Hari berganti hari, tahun berganti tahun, hingga anak itu menginjak titik awal kedewasaan (ABG), mulailah ia berfikir dan bertanya pada diri sendiri "kenapa orang tua saya tidak adil dan terasa kejam kepada saya?", si anak merasa diperlakukan berbeda dengan saudara kandung lainnya dan lain sebagainya. Timbul kebencian-kebencian dan ketidaksukaan-ketidaksukaan tertentu terhadap orang tuanya, si anak mulai mengabaikan "budi baik" orang tua dan "asal" si anak ditutupi oleh segala perasaan yang berkecamuk didalam dirinya.


Disinilah titik dimulainya si anak menggeluti "proses kehidupannya secara nyata", segala kejadian pada dirinya yang merupakan akibat dari orang tuanya tersebut , memicu keinginan dirinya untuk mulai menggali dan mempelajari sisi pribadi dan juga lingkungan yang mempengaruhinya baik dari sudut orang tua, keluarga, teman sekolah , saudara, dan lain sebagainya. Namun apa hasilnya, tiap-tiap anak yang ia temui, mengatakan hal yang kurang lebih sama, "pernah mengalami hal-hal yang kurang menyenangkan dari orang tuanya". Benak si anak makin berkecamuk karena seringkali yang dianggap sebagai "perbuatan yang tidak menyenangkan tersebut" oleh anak yang lain ternyata bagi dirinya hanya "biasa" saja bahkan terkadang dapat dianggap "menyenangkan". Ternyata yang dianggapnya sebagai "perbuatan tidak menyenangkan" sangatlah relatif ketika dibandingkan dengan anak lainnya.

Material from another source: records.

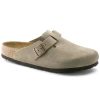 Birkenstock Boston Taupe Suede Regular Width Soft Footbed | Clogs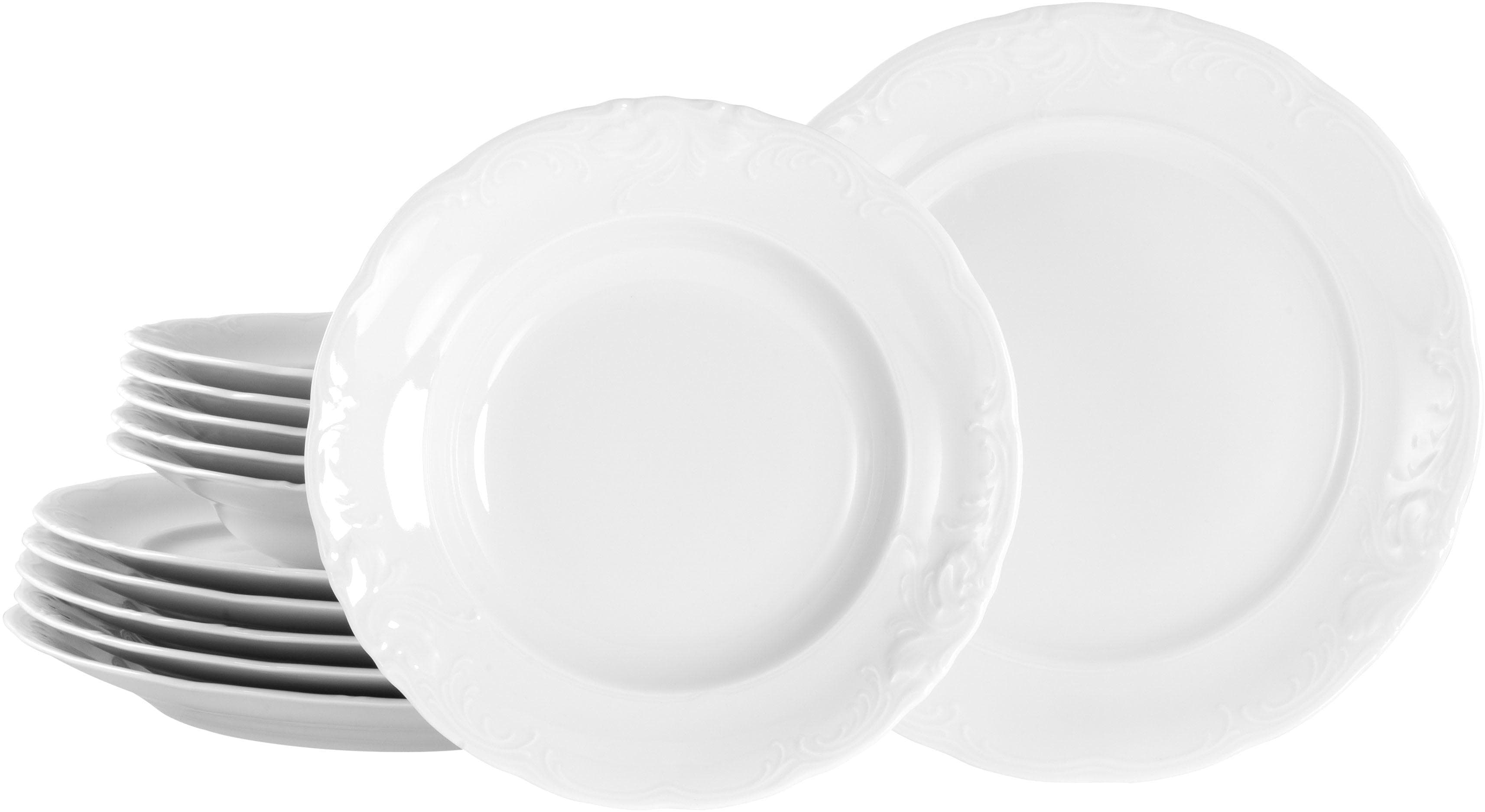 Tafelservice CREATABLE 'Frederike Weiss' 12-tlg. Porzellan Geschirr-Set Klassisch Weiß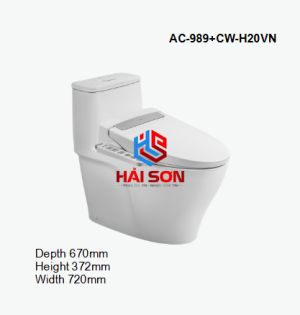 INAX Bồn cầu 1 khối kết hợp nắp rửa điện tử AC-989+CW-H20VN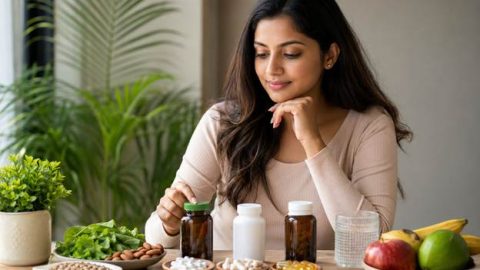 Indian woman reviewing Vitamin D, Magnesium and Zinc supplements for PCOS management at home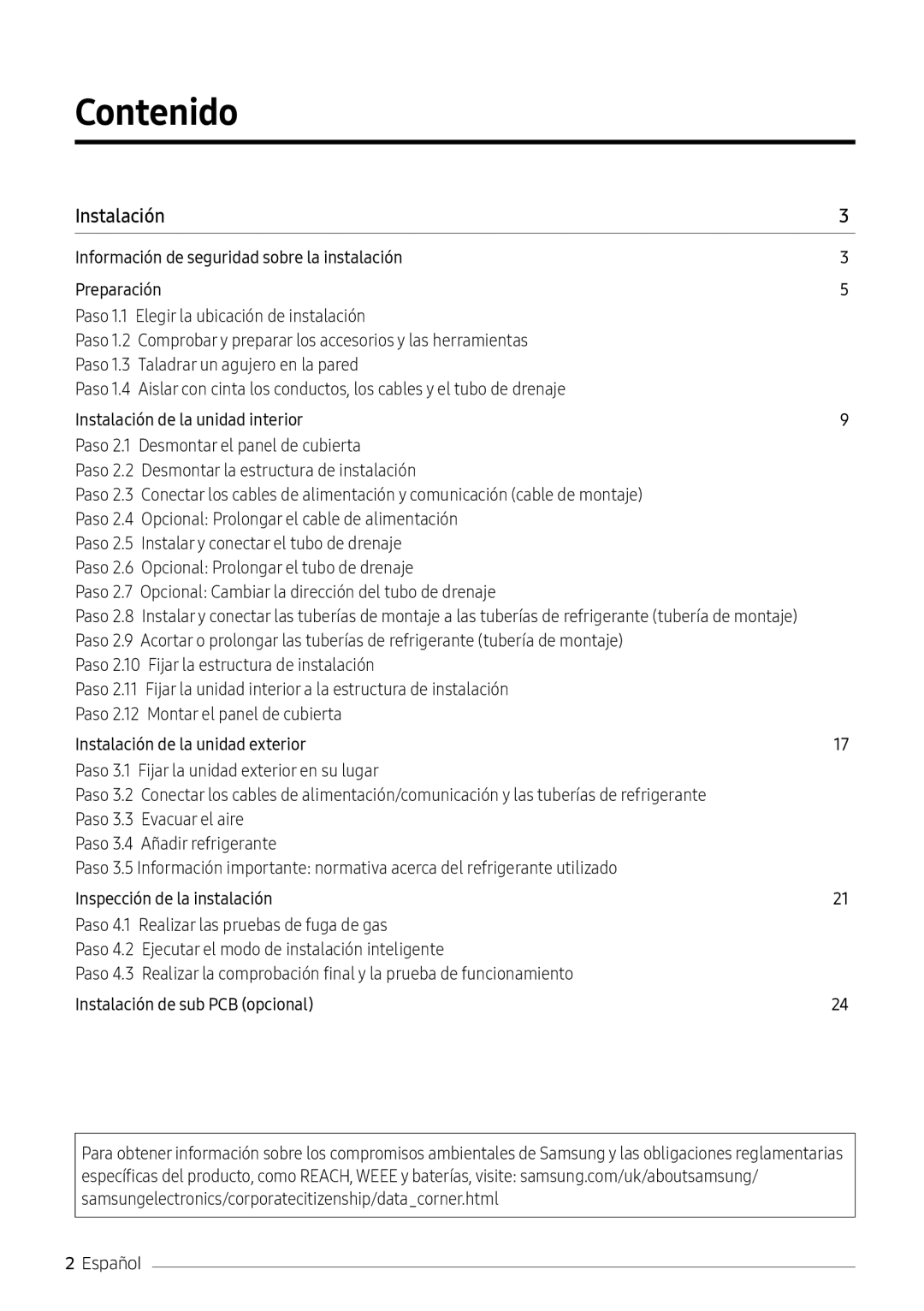 Samsung AR12MSPXBWKNEU, AR12MSPXBWKXEU, AR09MSPXBWKXEU, AR09MSPXBWKNEU, AR07MSPXBWKNEU manual Contenido, Instalación 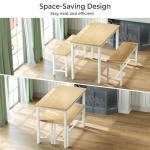 Tatub Dining Table Set for 4, 3-Piece Kitchen Table with 2 Benches, Space-Saving Dining Room Table Set for Breakfast Nook and Small Spaces, Original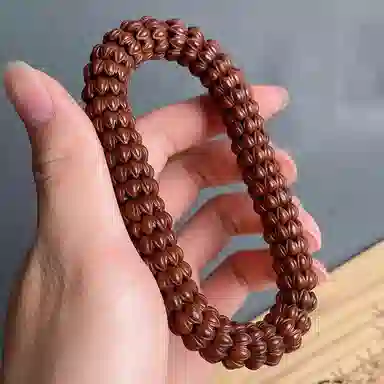 書卓 新复古潮流风 精雕九转莲花 招财鼠 平安纳福  盘玩文玩 #好运 紫金鼠 手串 男女同款情侣款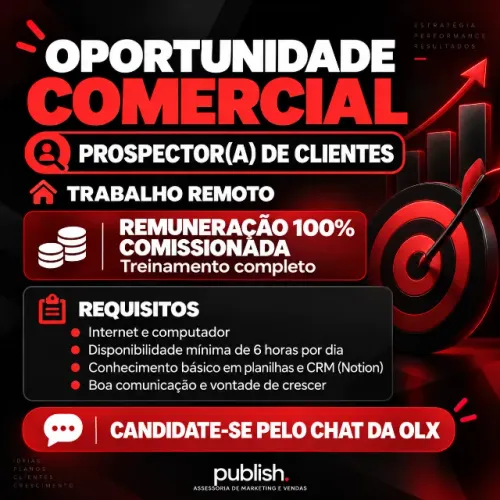 Prospector(a) de Clientes - Home Office | 100% Comissionado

Kemudian proses kesadaran dirinya, mulai tergugah ketika dia menemui kesulitan hidup yang teramat sangat. Lalu ia menghadapinya dan berhasil. Disatu sisi ia melihat temannya yang memiliki kesulitan hidup yang kurang lebih sama tetapi prosesnya bukan bertambah baik tetapi semakin sulit dan mulai tampaklah kefrustasian temannya itu. Setelah peristiwa tersebut si anak tersadar bahwa justru "kemudahan" dirinya dalam berbuat dan menghadapi kesulitan hidupnya tersebut ternyata akibat bekal "perbuatan yang tidak menyenangkan"dari orang tuanya, sungguh menakjubkan.


Si anak mulai tersentak, ia tersadar bahwa sejak dari awal sebagai seorang anak tidak akan mungkin dirinya berkehendak sendiri atas kelahirannya, dan tidak juga dapat dipersalahkan "proses sebab" lahir dirinya yang diakibatkan oleh "perbuatan orang tua", ia berkesimpulan berarti memang ini sudah digariskan Tuhan kepada dirinya, segala proses kejadian dan hubungan anak-orang tua yang dialaminya semua sudah bagian dari garis kehidupan dirinya, suatu kehendak Tuhan Yang Maha Esa. Ya, si anak baru mengerti bahwa selama ini ia terlalu mempermasalahkan orang tuanya padahal justru yang terpenting adalah membangun kesadaran pribadinya bahwa segala sesuatu yang ada dimuka bumi ini termasuk hubungan anak-orang tua adalah merupakan bagian dari kehendak Tuhan, tidak ada seorangpun yang bisa melawan-Nya. Mungkin ini fondasi Iman sesungguhnya, renungnya.